The city council has set aside the money from its reserves as it prepares next week to cancel a 23-year contract with Amey more than 16 years before it is due to come to an end.

The council said the decision was due to recycling rates in the city only reaching 45 per cent - compared to Amey’s target of 60 per cent - and because it wanted better value for money.

But Labour’s council group leader Cllr Ed Murphy said: “This Conservative administration has wasted millions, their record is poor and they have made too many mistakes.

“It is my opinion that this half a million would be better spent on bringing the services in-house and improving services in Peterborough. Contractors have to make a profit whereas the city council could provide the service itself or with other public sector partners, and all the money spent would be used on delivery.”

Liberal Democrat group leader Cllr Nick Sandford said he wanted the council to consider moving the services in-house, adding: “We were told 12 months ago they were terminating Amey’s contract and were going to make £100,000 worth of savings by going into a joint venture arrangement, and that’s not happened.

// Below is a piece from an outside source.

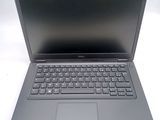 the dell laptop is open and ready to be used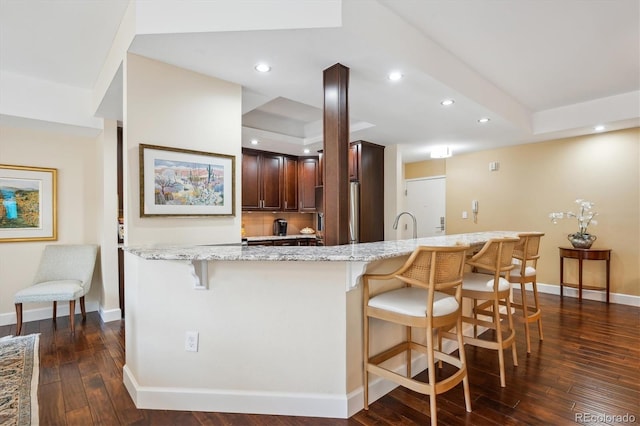 1512 Larimer St Unit 39, Denver, CO 80202 - kitchen featuring a breakfast bar area, paneled refrigerator, dark wood-style floors, light stone counters, and recessed lighting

“It all seems quite chaotic what’s going on.”

It is expected that a replacement for Amey will be in place for autumn 2018.

The council is looking to split the contract up and have different providers for each service. Cllr Gavin Elsey, cabinet member for waste and street scene, said: “It has been clear for some time that our contract is no longer meeting either of our needs and is no longer compatible with the tough financial landscape we are operating in.

“A key driver for the proposal is the council’s current recycling performance which does not meet the targets set out in the contract.”

The council said it will consult with Amey’s staff.

A spokeswoman for the council denied that the contract had failed. She said a change was needed because the council’s finances have “changed dramatically since the contract was originally put in place.”

Amey said the termination of the contract is by mutual consent as it “no longer meets the needs of either party.”

It added: “We are committed to delivering the highest possible standards of service until the current contract ends.”